Without including any picture, transcribe the entries below word for word.

>>>>>

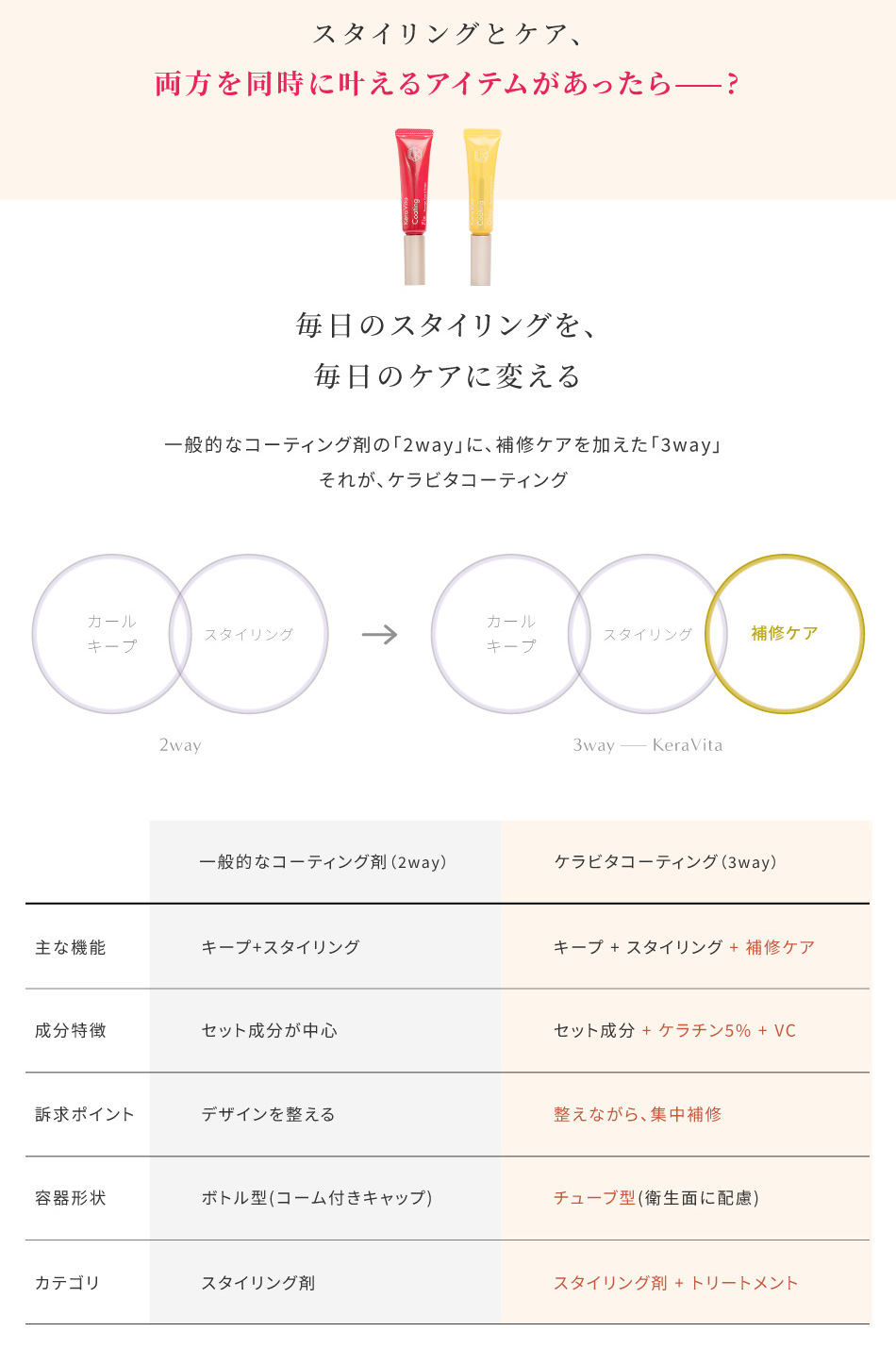 松風】KeraVitaコーティングFix 10g（12個セット）の通販・卸売り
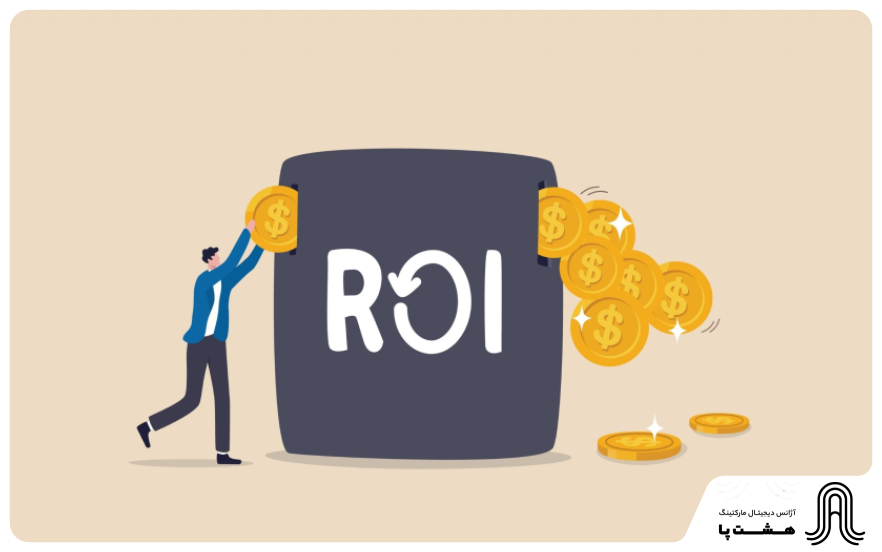 roi in google ads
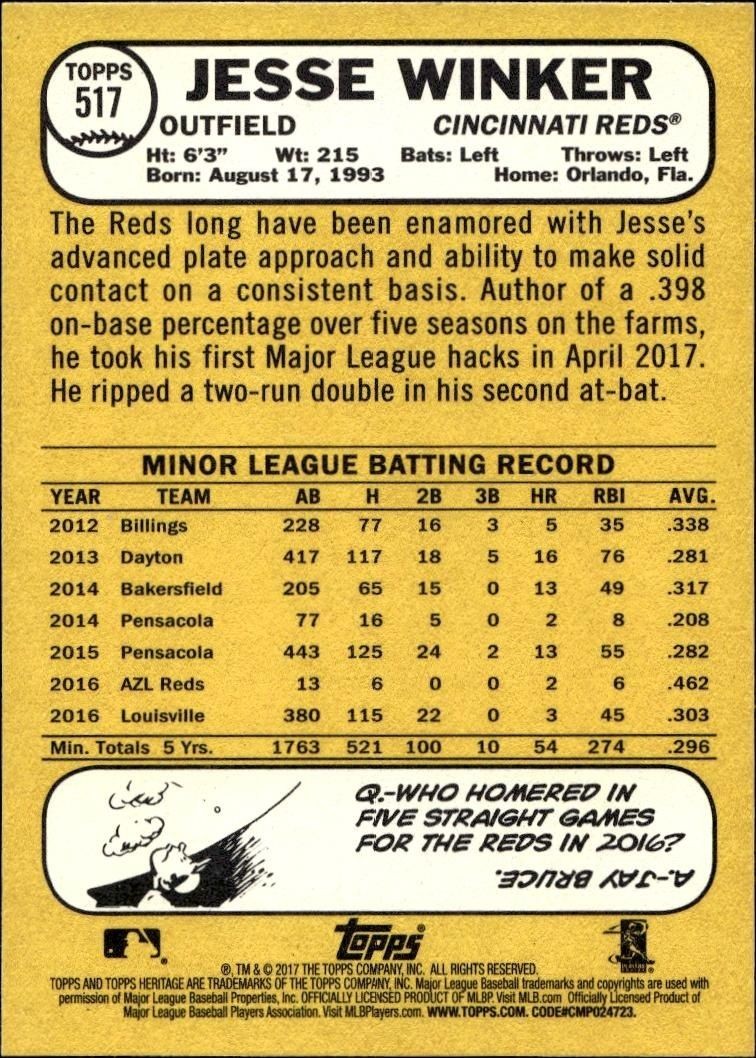 2017 Topps Heritage Jesse Winker #517 baseball trading card back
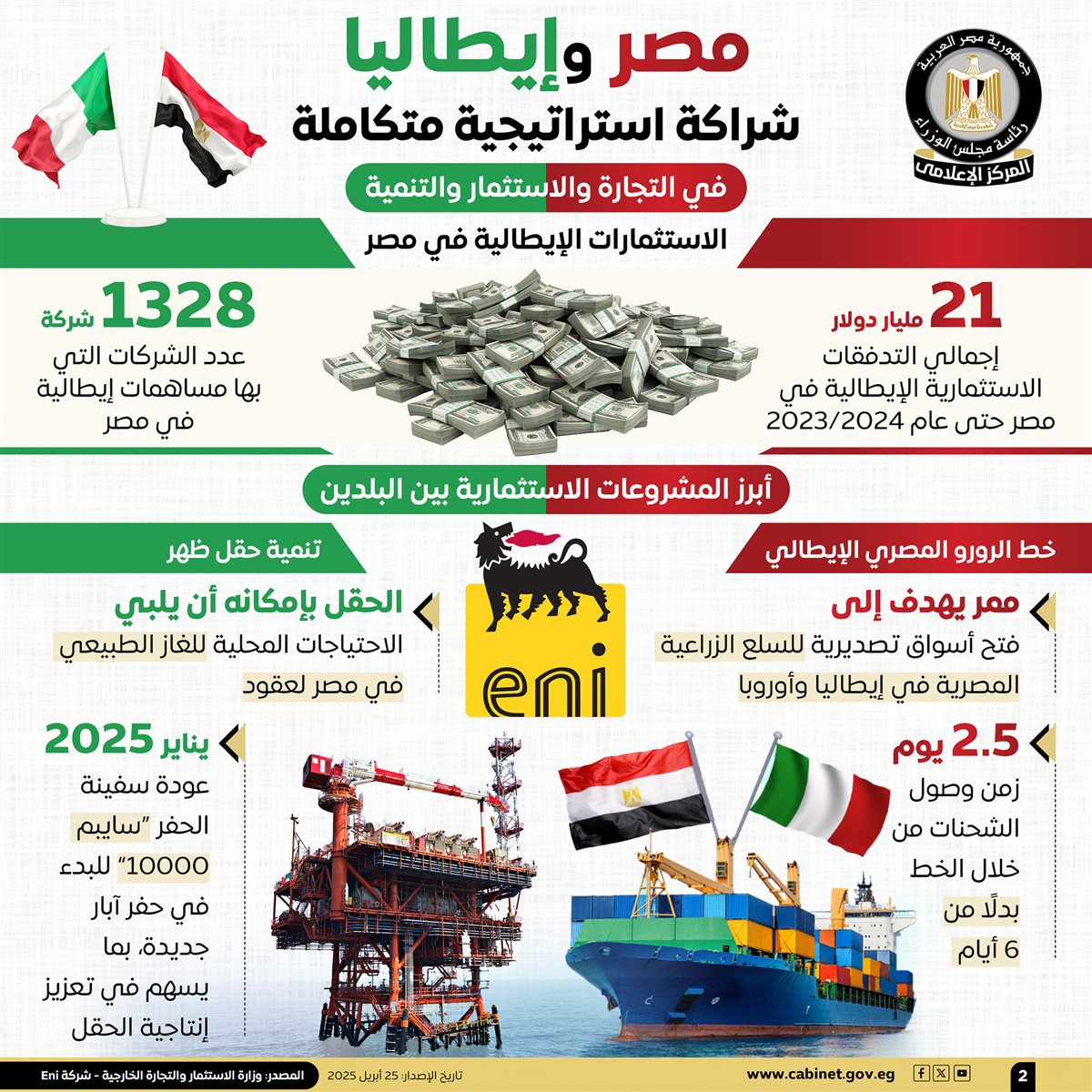  جوانب التعاون بين مصر وإيطاليا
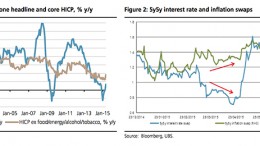 Eurozone inflation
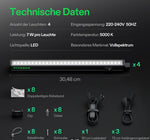 Bild in Galerie laden, T5 Linear Vivosun LED Pflanzenlampe 30 cm, 5000K Vollspektrum Grow Light 28W (4 x 7W) mit Timer &amp; Dimmer, Pflanzenlicht für Anzucht, Hydroponik &amp; Indoor Pflanzen, SGS kompatibel, erweiterbar, 4er
Set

<<<<<

◆ Response area
 松風】KeraVitaコーティングFix 10g（12個セット）の通販・卸売り
 roi in google ads
 2017 Topps Heritage Jesse Winker #517 baseball trading card back
  جوانب التعاون بين مصر وإيطاليا
 Eurozone inflation
 Bild in Galerie laden, T5 Linear Vivosun LED Pflanzenlampe 30 cm, 5000K Vollspektrum Grow Light 28W (4 x 7W) mit Timer &amp; Dimmer, Pflanzenlicht für Anzucht, Hydroponik &amp; Indoor Pflanzen, SGS kompatibel, erweiterbar, 4er
Set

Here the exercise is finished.